Short answer - No I don't mean that
Long answer
You could be - A person, A librarian, An OER enthusiast, A VLE admin person, A blogger, A subject centre, A repository manager, and you could make a search tool purely for yourself
Provide could mean - via a site, as an API service, via an embeddable block of code, via a URL, via emailed results, via twitter
OER - Open licensed materials
The only difference would be that the creator would take some role in curating the content set
-----Original Message-----
From: Open Educational Resources [mailto:[log in to unmask]] On Behalf Of Scott Wilson
Sent: 17 February 2011 16:08
To: [log in to unmask]
Subject: Re: An Ideal OER search Engine
On 17 Feb 2011, at 15:46, Patrick Lockley wrote:
> So you want to provide your own OER search facility
Not sure what is meant by "you", "provide" or "OER" here...
Do you mean "So, as a University you want to provide your own search facility for your own content - and those of selected partners - which you market as OER"?
>
> Brief Spec
>
> You want to choose the sites that are searched
> You want to be able to limit / refine the search by x,y,z
> You want the results to display where?
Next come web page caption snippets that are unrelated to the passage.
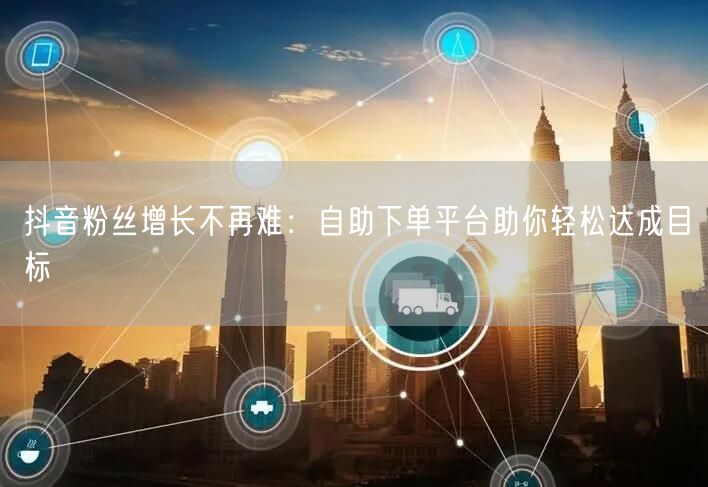 抖音粉丝增长不再难：自助下单平台助你轻松达成目标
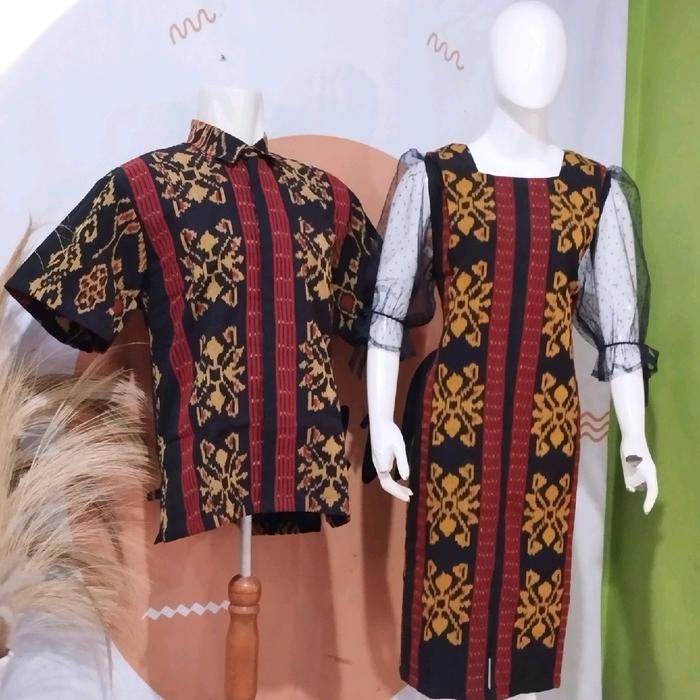 couple etnik motif kepiting kombi tile dot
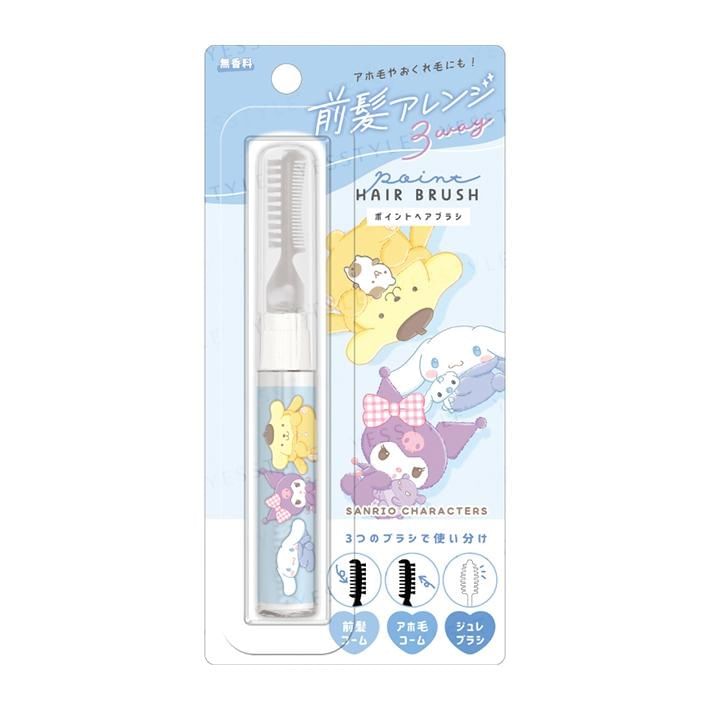 CRUX - Sanrio Characters 3 Way Point Haarborstel Zonder Geur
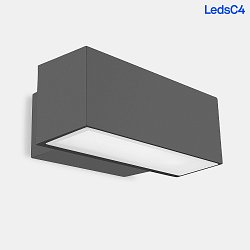 outdoor wall luminaire AFRODITA LED DOUBLE EMISSION - 30CM up / down, switchable IP66, grey 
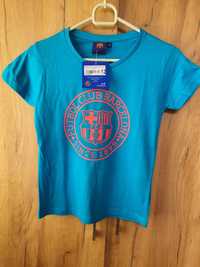 Koszulka bawełniana dla fanów FC Barcelona, dziewczęca, rozmiar 152 cm
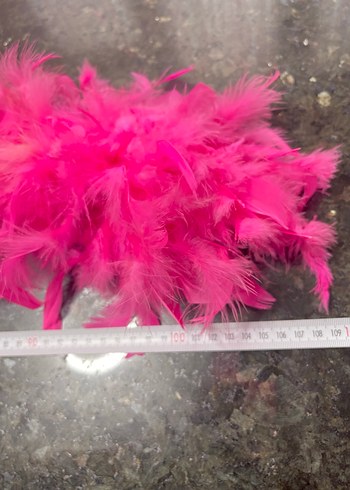 Pembe Tüylü Nakışlı Kız Aksesuarı - Görsel 4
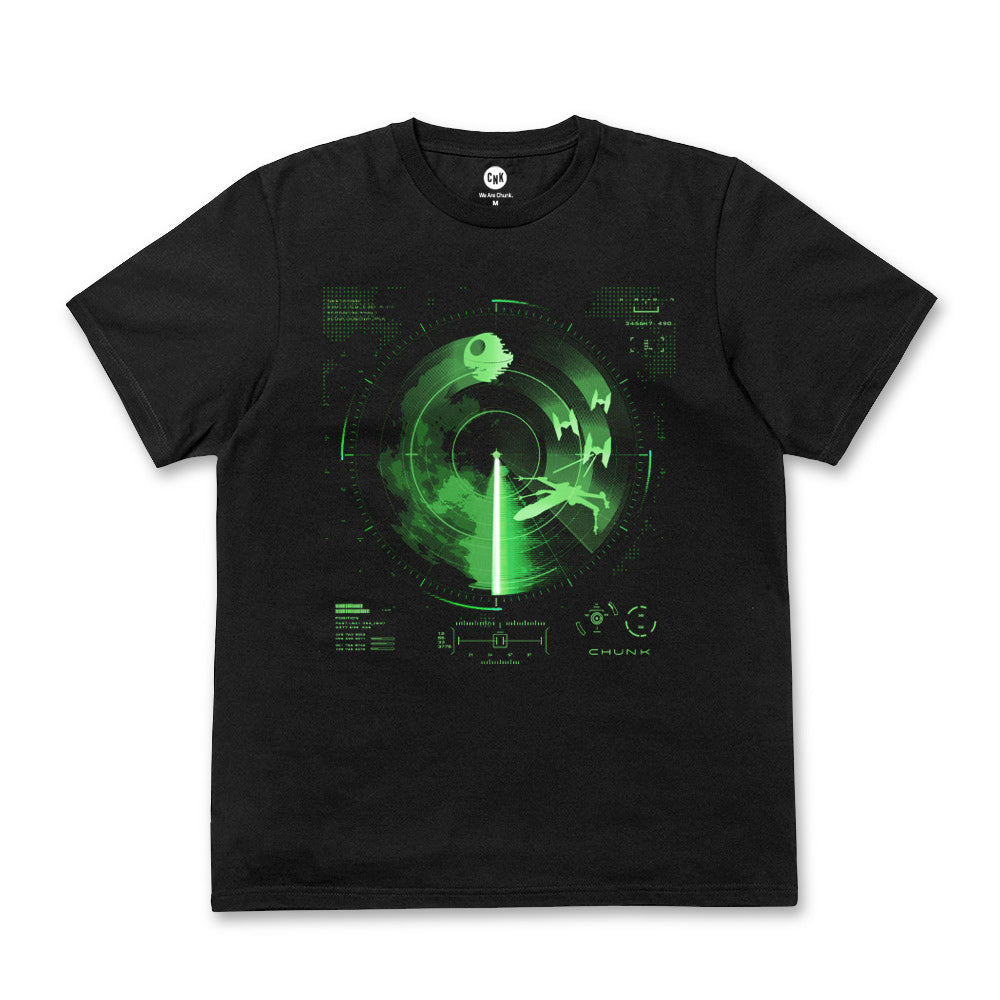 Galactic Radar Black T-Shirt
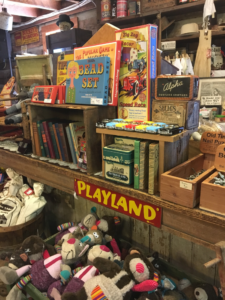 Vintage Toys Games and Books at the Old Country Store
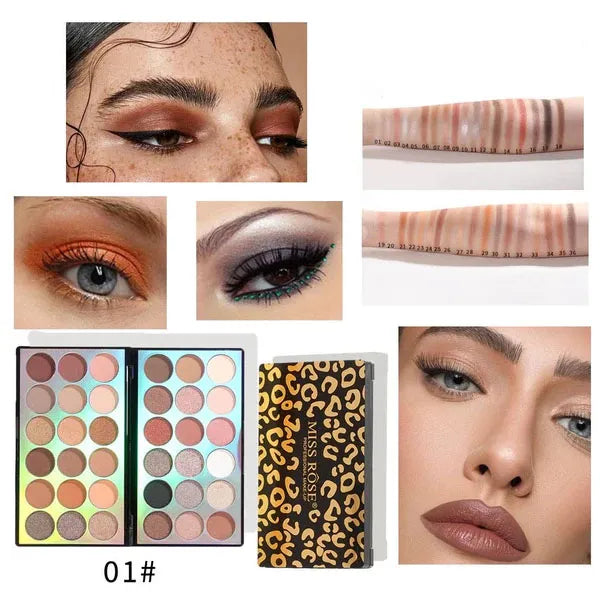 Miss Rose Make-Up 36 Color Starlight Eyeshadow Palette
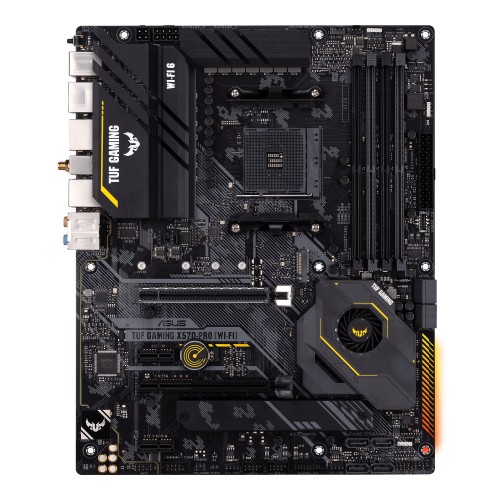 Asus TUF GAMING X570-PRO (WI-FI) Procesorių šeima AMD, Procesoriaus lizdas AM4, DDR4 DIMM, 4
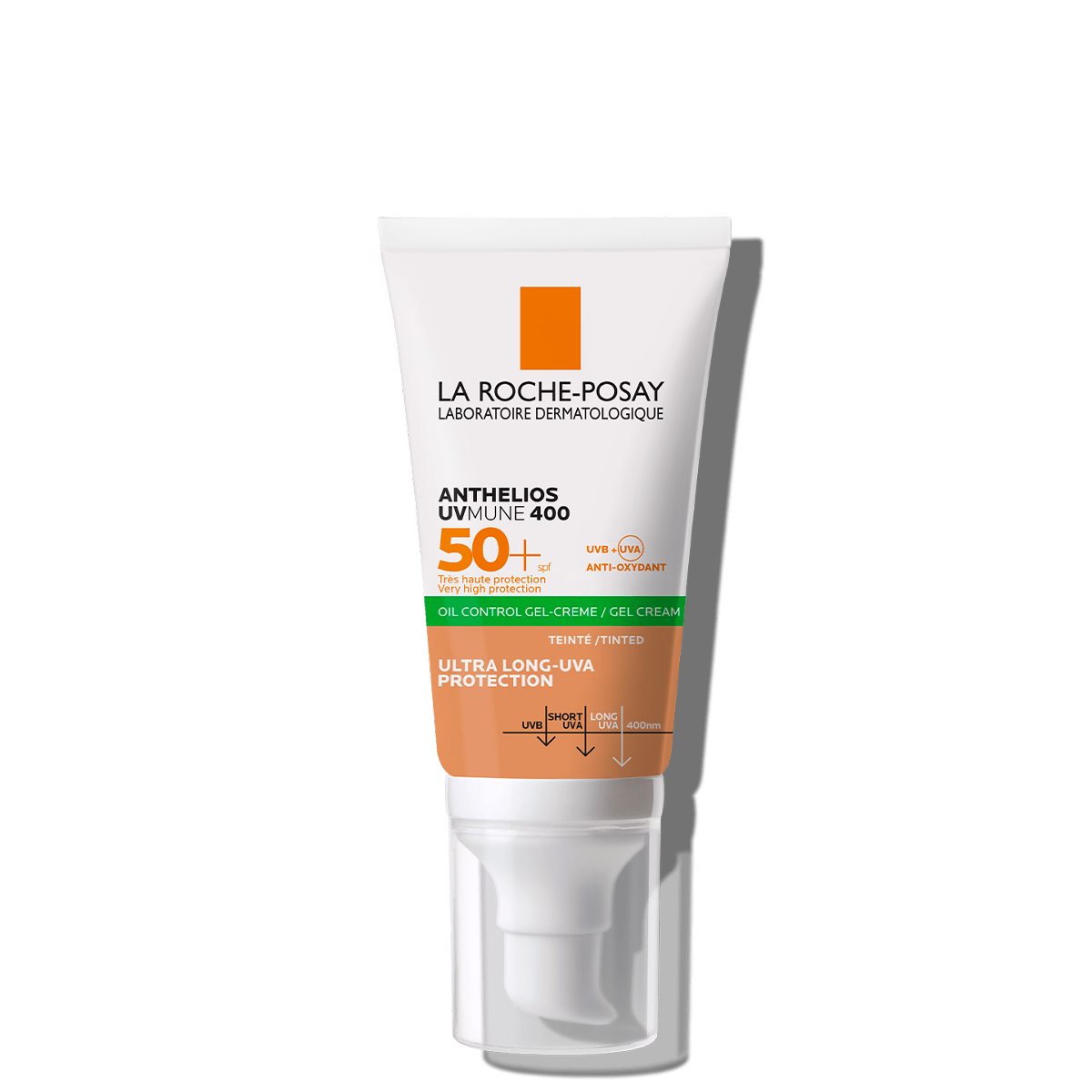 Anthelios UVMUNE 400 Oil Control Gel-Crema Con Color FPS 50+, 50 ml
And how?
> Do you want the search to be provided from a URL - say www.google.com/pats_search_tool/?
> Or embeddable as a widget - html for your site?
> Or as both?
> Would you want the search to present data in other ways for other users (so an API could underpin it all)
> Would you want search logs to be maintained
> Would you want results chosen to be maintained
> Embeddable social media in results
> The url could also provide an RSS of all it's content
>
> Anything else?
>
> Maybe this is a google doc / wiki issue?